Therefore, the influence of temperature increase on the permeability causes a partial change in the physical and chemical properties of the fluid. Also, due to the independence of absolute permeability of the rock from the fluid, this issue might be debated and needs more considerations (Barati and Liang 2014; Sanyal et al. 1974; Schön 2015; Tiab and Donaldson 2015). Moreover, by increasing the temperature the amount of optimum rate would increase. According to the Wang et al. investigations, at 50 °C the optimum acid rate is 60 ml/h. And at the 75 °C the optimum rate is 210 ml/h. Thereby, soaring temperature leads to the small volume of acid injection to achieve breakthrough (Wang et al. 1993).

The optimum amount of acid flow rate is a complex function of temperature, the composition of the rock and distribution of pore sizes which should be taken into account during the acidizing procedures. Although there isn’t a stable solution to whether the fast or slow acid rates would be the best solution or not, exceeding from the optimum amount would be a solvable problem by reducing the acid rate to enhance the recovery performances. On the other words, the optimum amount of acid injection rate would vary with the concentration of acid, temperature alteration and rock mineralogy. Due to the findings of Wang.Y et al. rock mineralogy exercises a dominant influence. For example, in dolomite formations, it is in an urgent increase in acid volume and decreases in acid rate to penetrate in the pores than limestone formations (Hassani and Kamali 2017; Qi et al. 2017; Wang et al. 1993).

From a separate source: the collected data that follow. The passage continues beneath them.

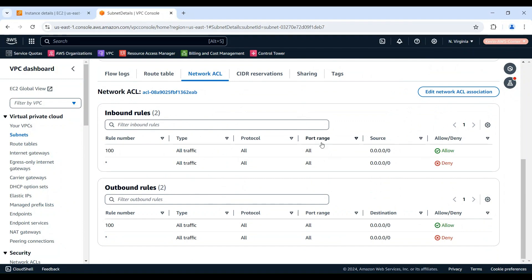In this demo, our network access control list allows all inbound and outbound traffic. However, if your network access control list is blocking ICMP, you'll need to add inbound and outbound rules to allow it.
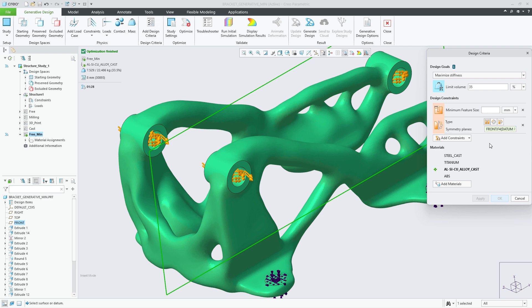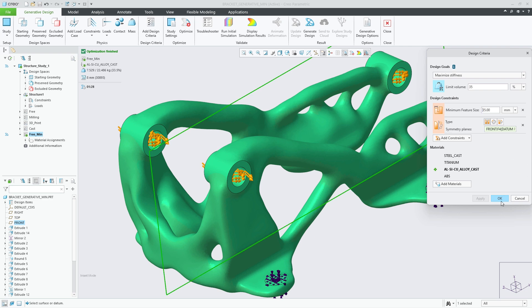Selecting the constraint will add it to the design criteria, where I can add the desired minimum size for the feature. The value set should be 3 times greater than the minimum element size of the optimization. For this model, the minimum element size is 8 millimeters, so the value for the minimum feature size should be greater than 24. I'll set it to 35 millimeters.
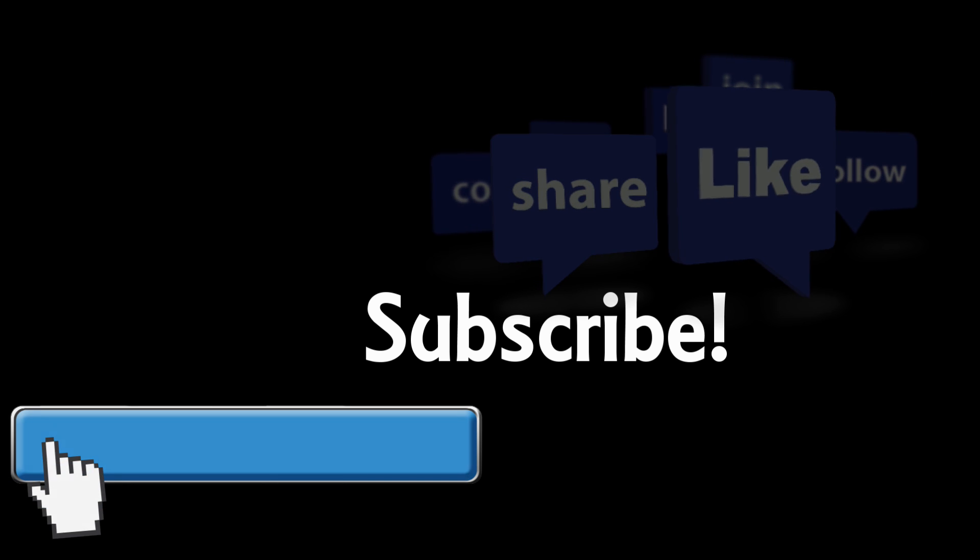Thanks for watching my video. If you liked it, subscribe. Or leave a comment. Thanks for watching. Keep it real. Bye.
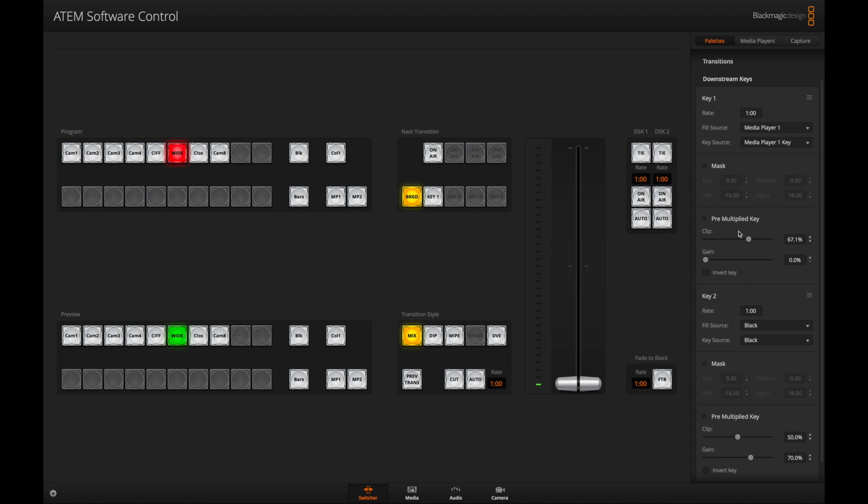Now, how do you turn it on? You could do it from this software or from the switcher. It's as easy as clicking this button on air and it turns on. Or you could even do a transition with it. This will do like a one second transition. You can change that. But really guys, it is that simple.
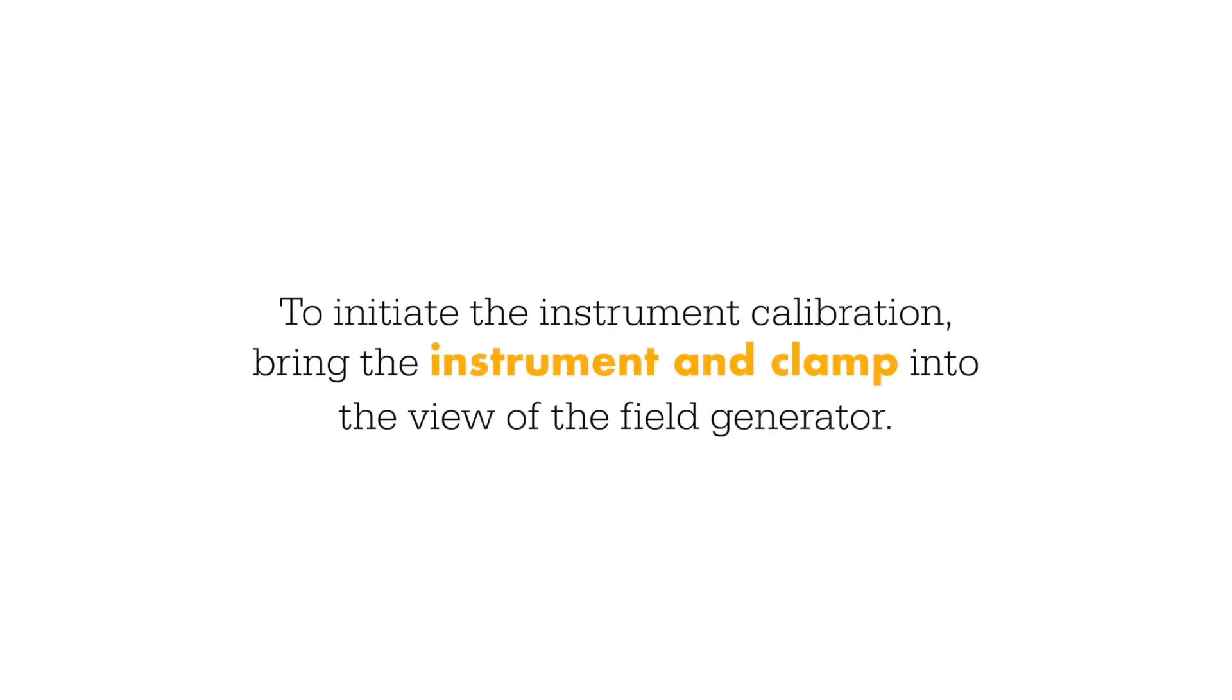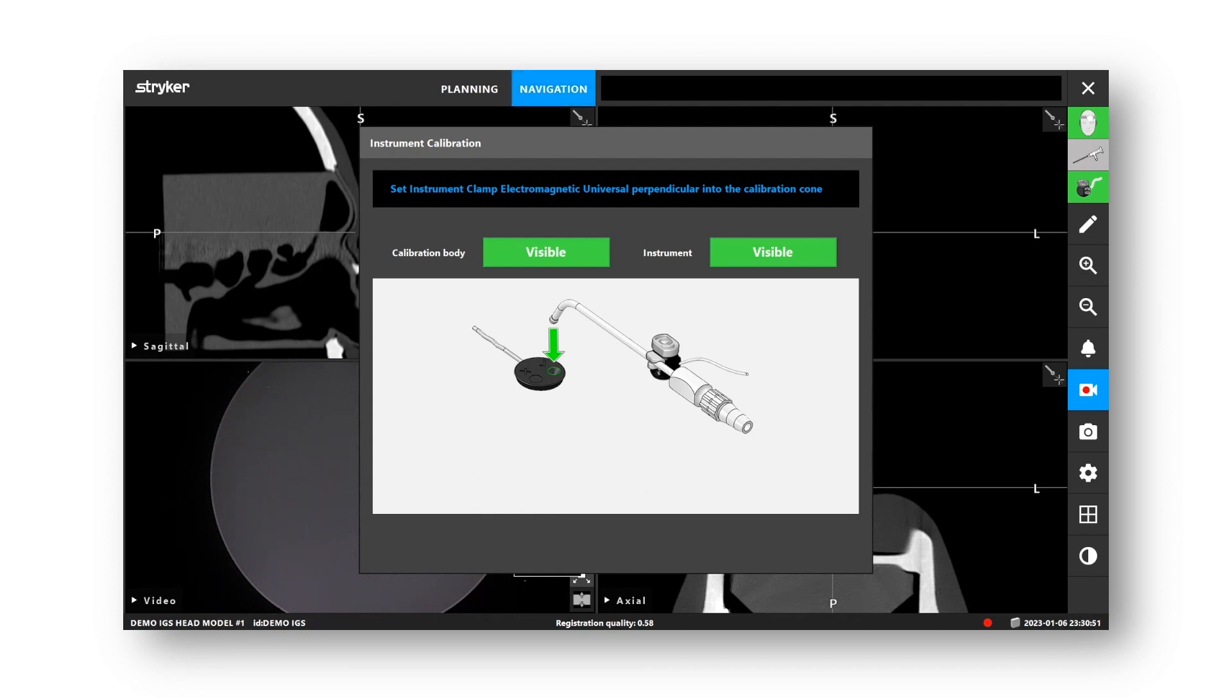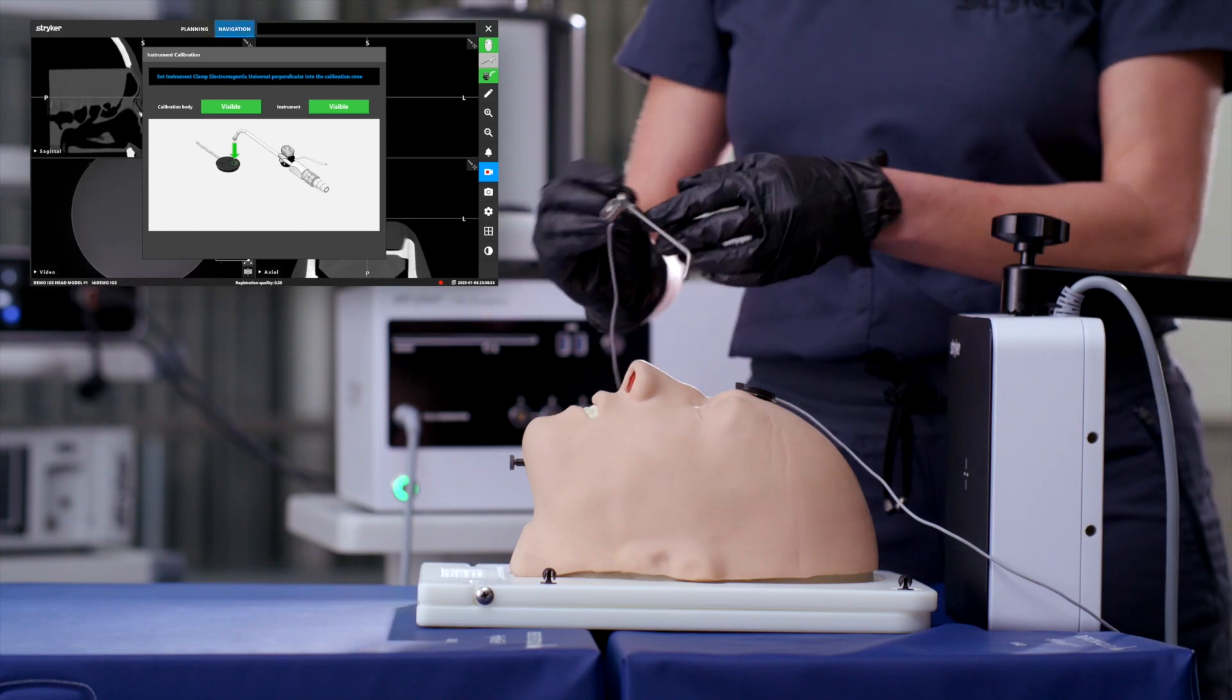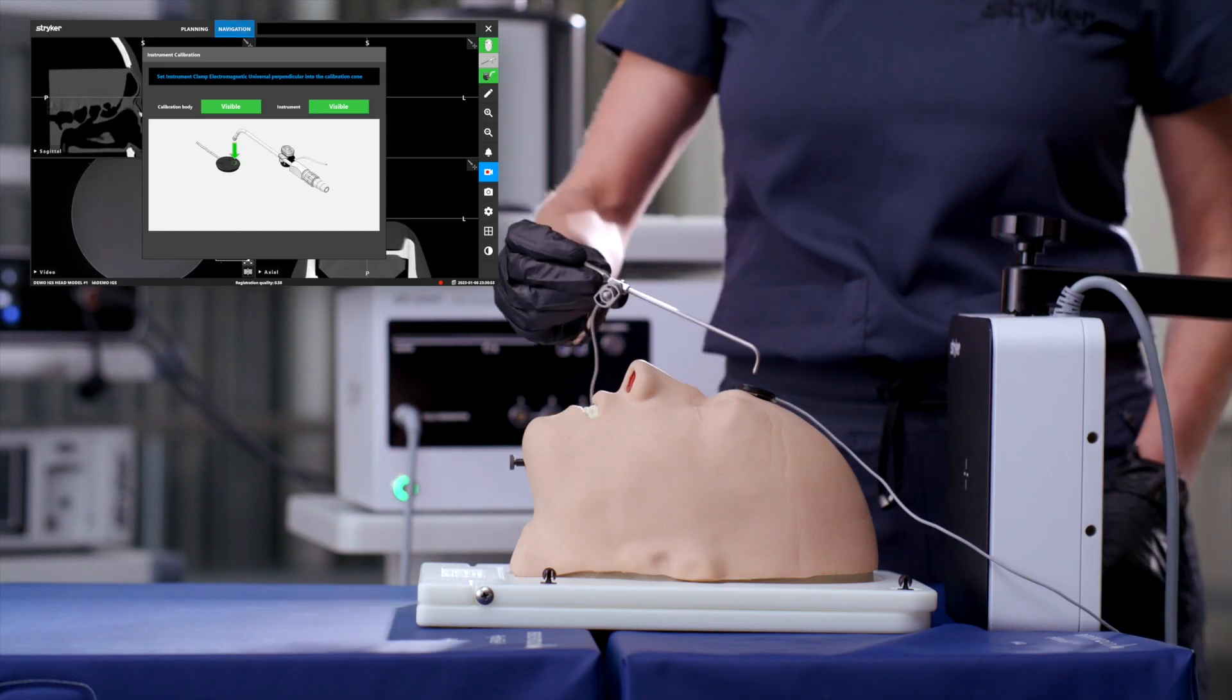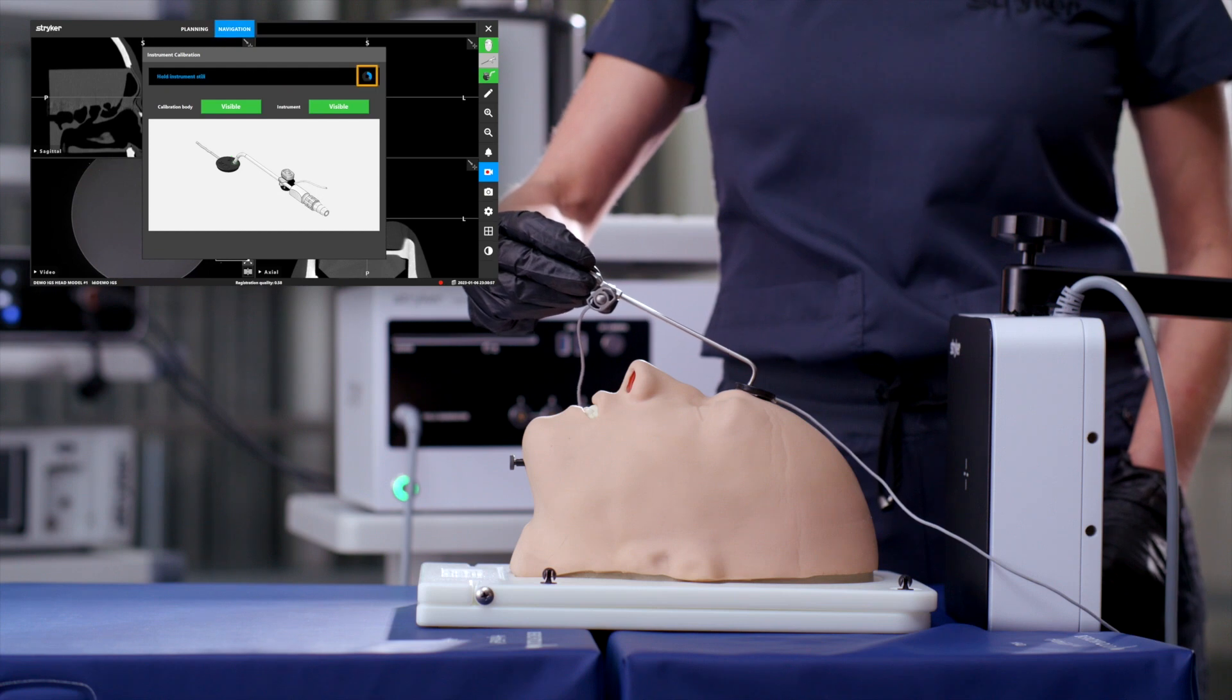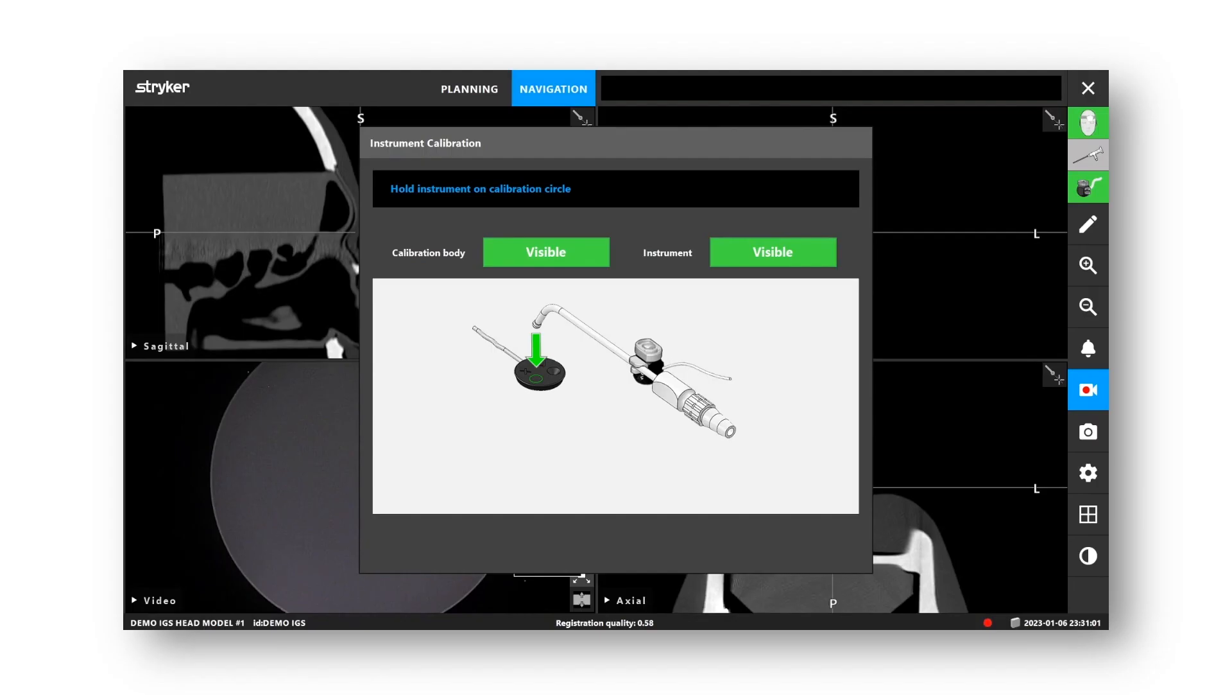To initiate instrument calibration, bring the instrument and clamp into the view of the field generator. Once the clamp is recognized, a dialog box will display on the screen that will provide visual instructions on next steps. Next, place the tip of the instrument into the cone on the patient tracker and hold until the software completes this step, indicated by the progress wheel in the top right corner and the confirmation tone.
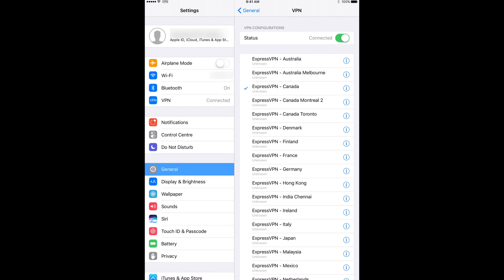You'll know you've connected to the VPN when the text changes to Connected. You've successfully connected to ExpressVPN using L2TP manual settings. You can use any of your apps with the knowledge that your internet connection is secure.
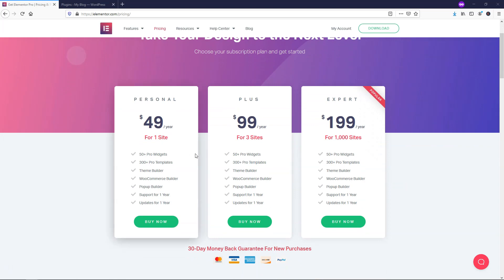You're going to have three different options when you go to that link below, and you're going to see it has one site for $49 a year, three sites for $99 a year, and 1,000 site licenses for $199 per year.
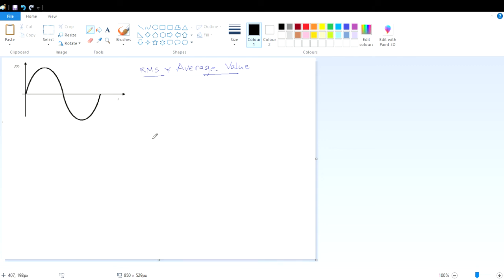Hello everyone. Now we are going to discuss about the RMS and average value of periodical and alternating signals. As in our previous lecture, we have discussed how to get the RMS value and what the empirical formula should be for average value. Now, this is an alternating wave.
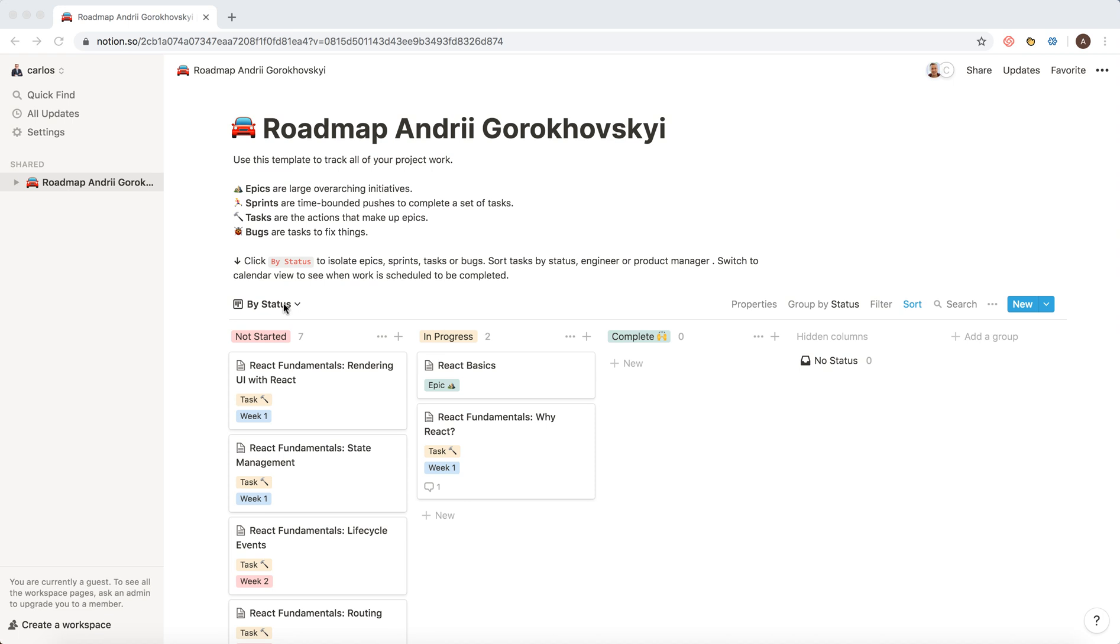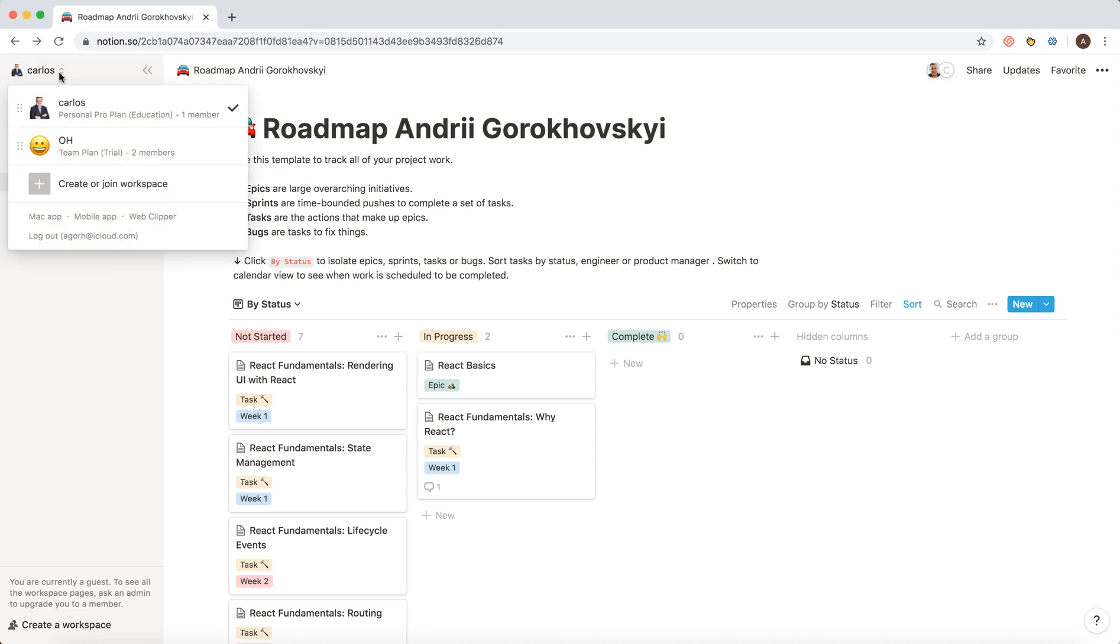Hello everyone. So how to create a workspace in Notion? Just tap here in the top left and you have the option to create a joint workspace. Also, you can create a workspace here in the bottom.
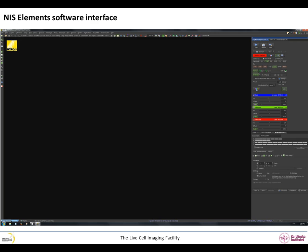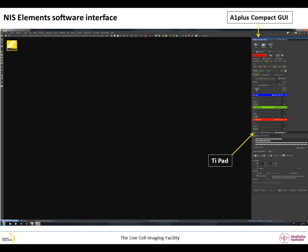Now I will present the functionalities of some of the tabs in the basic layout. The TI Pad tab, some features between the A1 Plus Compact GUI tab and the A1 Plus Scan Area tab.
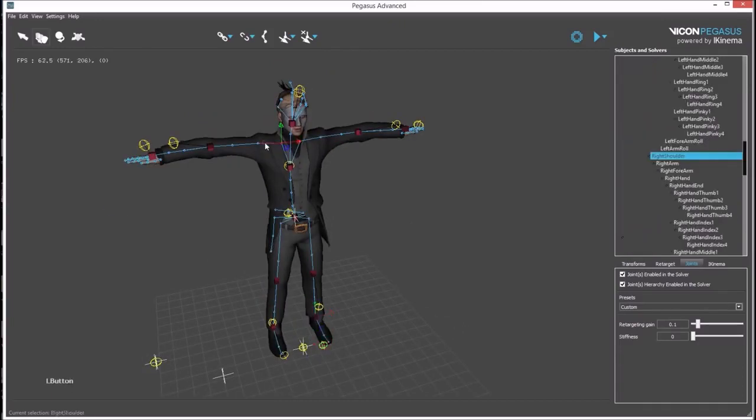As there aren't rigid bodies to drive the shoulders, the clavicle stiffness needs to be increased again.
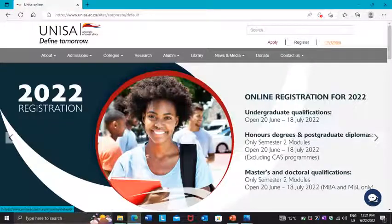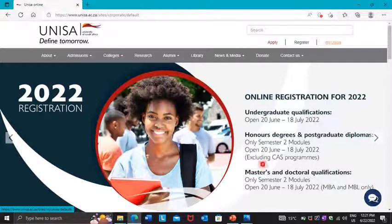Open your internet browser and enter www.unisa.ac.za. It is free if you are using Vodacom or MTN — you can access this website on a free link. From there, press 'My UNISA' as you can see above the red dot.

Tight reservoirs like fractured carbonated reservoir are the most susceptible formations to the matrix acidizing due to their low permeability, and dealing with the complexity of these formations is still a major concern of the petroleum industries (Al-Muhareb et al. 2003; Khalil et al. 2017; Msharrafieh et al. 2006). However, conductivity property of the fractures plays the substantial role in the acid fracturing, regarding the random reactions between rock and acid, and this phenomenon might be difficult to estimate. The factors that would seriously affect this issue are pumping rate of the acid, sufficient length of acidizing propagation, the contact time between acid and rock, closure stress and fluid loss of the acid, etc, and these significant parameters are shown in Fig. 1 specifically. Among the mentioned factors, adequate length of acid and fracture conductivity is considered as the important ones. The former is directly influenced by the cracks flow velocity, the speed of rock–acid reaction and filtration properties of the acid; the latter is affected by the closure stress and the shape of edged acid during the reaction of acid and rock. One of the useful types of acid which is used in these reservoirs is the foamed acid with the immense value of viscosity, low rate of fluid loss, retarding agent property for deep wells and etc. (Chengshou et al. 2010; Fufeng et al. 2008; Li et al. 2015).

Fig. 1
figure 1

Considerable influence of factors on the acid fracturing (Li et al. 2015)

Mozaffari et al. (2015) proposed that other factors which significantly affect the production rate in fractured carbonated reservoirs are the capillary force of liquid in micro- and nano-sized channels which might be blocked by the asphaltene. Due to their results, bitumen solution was used to lessen the amount of asphaltene viscosity and in some occasions leads to the elimination the asphaltene precipitation from the small pores of bulk volume (Lesueur 2009; Mozaffari et al. 2015). They go on arguing that bitumen is directly affected the contact angle and the smallest amount of yield stress is a negative key parameter in distinguishing between Newtonian and non-Newtonian Bingham plastic behavior (Han et al. 2006; Saeed Mozaffari et al. 2017; Yang et al. 2016).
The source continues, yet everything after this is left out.